Analysis of variance, controlling for age and sex.

Values are means ± SD.

In the combined group of subjects, PBMC telomerase activity tended to be positively correlated with normed HC volume (r=0.27, p=0.081) (Fig. 1). Within the MDD group, PBMC telomerase activity was significantly positively correlated with normed HC volume (r=0.44, p=0.034) (Fig. 1), but this relationship was not seen in the controls (r=0.12, NS) (Fig. 1). Controlling for the number of days between venipuncture and MR imaging did not alter these results.

Fig. 1.

Fig. 1

Relationship between peripheral blood mononuclear cell (PBMC) telomerase activity (Z-scores) and total hippocampal volume (normed to intracranial volume) in individuals with major depressive disorder (“MDD”) (black circles, solid line) and healthy controls (“Cont”) (open squares, dotted line). Statistical results are provided in the text.

In the combined group of subjects, leukocyte telomere length was not significantly correlated with normed HC volume (r=0.02, NS) (Fig. 2). Within the individual MDD and control groups, leukocyte telomere length was also not significantly correlated with normed HC volume (r=0.05, NS, and r=0.35, p=0.15), respectively (Fig. 2). Controlling for the number of days between venipuncture and MR imaging did not alter these results.

Fig. 2.

Fig. 2

Relationship between leukocyte telomere length (Z-scores) and total hippocampal volume (normed to intracranial volume) in individuals with major depressive disorder (“MDD”) (black circles, solid line) and healthy controls (“Cont”) (open squares, dotted line). Statistical results are provided in the text.
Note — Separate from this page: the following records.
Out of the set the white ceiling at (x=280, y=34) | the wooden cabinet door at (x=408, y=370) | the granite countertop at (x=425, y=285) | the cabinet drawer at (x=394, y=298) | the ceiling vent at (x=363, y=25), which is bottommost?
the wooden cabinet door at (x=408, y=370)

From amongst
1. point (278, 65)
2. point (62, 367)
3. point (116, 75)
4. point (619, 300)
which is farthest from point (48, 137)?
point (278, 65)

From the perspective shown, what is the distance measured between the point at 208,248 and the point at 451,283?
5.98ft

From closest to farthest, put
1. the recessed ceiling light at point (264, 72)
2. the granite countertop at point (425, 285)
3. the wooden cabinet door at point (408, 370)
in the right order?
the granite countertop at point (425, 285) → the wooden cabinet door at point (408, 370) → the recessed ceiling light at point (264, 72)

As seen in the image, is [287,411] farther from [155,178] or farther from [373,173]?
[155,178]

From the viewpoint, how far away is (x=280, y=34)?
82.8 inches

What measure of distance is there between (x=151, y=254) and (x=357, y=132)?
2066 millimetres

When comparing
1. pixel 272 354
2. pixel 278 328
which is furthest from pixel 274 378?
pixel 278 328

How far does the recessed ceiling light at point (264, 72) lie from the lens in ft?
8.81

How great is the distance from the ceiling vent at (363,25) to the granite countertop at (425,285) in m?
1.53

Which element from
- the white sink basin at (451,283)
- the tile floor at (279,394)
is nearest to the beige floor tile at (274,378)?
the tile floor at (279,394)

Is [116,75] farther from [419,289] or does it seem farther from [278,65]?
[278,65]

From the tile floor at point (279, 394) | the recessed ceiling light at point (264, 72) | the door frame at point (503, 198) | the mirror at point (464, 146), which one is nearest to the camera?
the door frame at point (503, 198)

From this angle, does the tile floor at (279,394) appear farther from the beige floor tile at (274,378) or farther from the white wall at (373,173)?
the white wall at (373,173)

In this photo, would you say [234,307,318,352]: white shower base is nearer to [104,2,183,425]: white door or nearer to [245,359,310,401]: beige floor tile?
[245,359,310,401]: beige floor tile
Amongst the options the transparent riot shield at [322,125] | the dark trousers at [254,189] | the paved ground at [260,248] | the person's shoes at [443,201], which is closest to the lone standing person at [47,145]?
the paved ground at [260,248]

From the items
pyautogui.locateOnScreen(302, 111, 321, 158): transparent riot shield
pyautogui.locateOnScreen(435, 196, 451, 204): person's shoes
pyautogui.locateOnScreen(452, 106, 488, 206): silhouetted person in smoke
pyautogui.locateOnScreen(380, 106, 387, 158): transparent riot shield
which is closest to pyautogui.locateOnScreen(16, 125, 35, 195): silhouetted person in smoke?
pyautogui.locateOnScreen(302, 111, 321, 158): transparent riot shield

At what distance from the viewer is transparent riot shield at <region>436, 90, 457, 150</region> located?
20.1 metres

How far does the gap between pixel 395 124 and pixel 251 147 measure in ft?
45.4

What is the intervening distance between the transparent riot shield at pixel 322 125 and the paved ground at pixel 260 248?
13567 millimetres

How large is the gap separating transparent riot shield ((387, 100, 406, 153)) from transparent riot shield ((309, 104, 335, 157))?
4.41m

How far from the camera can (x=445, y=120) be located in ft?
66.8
In exploratory analyses, we controlled for variables that could potentially affect cell aging markers and as well as HC volume. Controlling for plasma IL-6, overnight urinary free cortisol and plasma F2-isoprostanes, singly as well as together, did not appreciably affect our results and did not alter any of the reported significance tests.

4. Discussion

We found that PBMC telomerase activity is significantly and positively correlated with HC volume in unmedicated individuals with MDD, but not in healthy controls. On the contrary, we found no significant relationship between leukocyte telomere length and HC volume in either group. To our knowledge, this is the first study to examine either of these relationships in MDD. These findings add to a growing body of evidence that aspects of the telomere/ telomerase maintenance system are different in MDD vs. controls (Simon et al., 2006; Lung et al., 2007; Hartmann et al., 2010; Hoen et al., 2011; Elvsashagen et al., 2011; Wolkowitz et al., 2011a; Wikgren et al., 2012b; Wolkowitz et al., 2012; Verhoeven et al., 2014), and that PBMC telomerase activity is related to brain variables relevant to MDD (Honig et al., 2006; Martin-Ruiz et al., 2006; Canela et al., 2007; Grodstein et al., 2008; Mather et al., 2010; Valdes et al., 2010; Devore et al., 2011; Yaffe et al., 2011; Der et al., 2012; Wikgren et al., 2012a; Ma et al., 2013; Jacobs et al., 2014). The explanation of these relationships, however, is not clear, since the relationship between peripheral cell aging markers and HC telomerase activity (which could potentially increase HC volume, as described below) is not known.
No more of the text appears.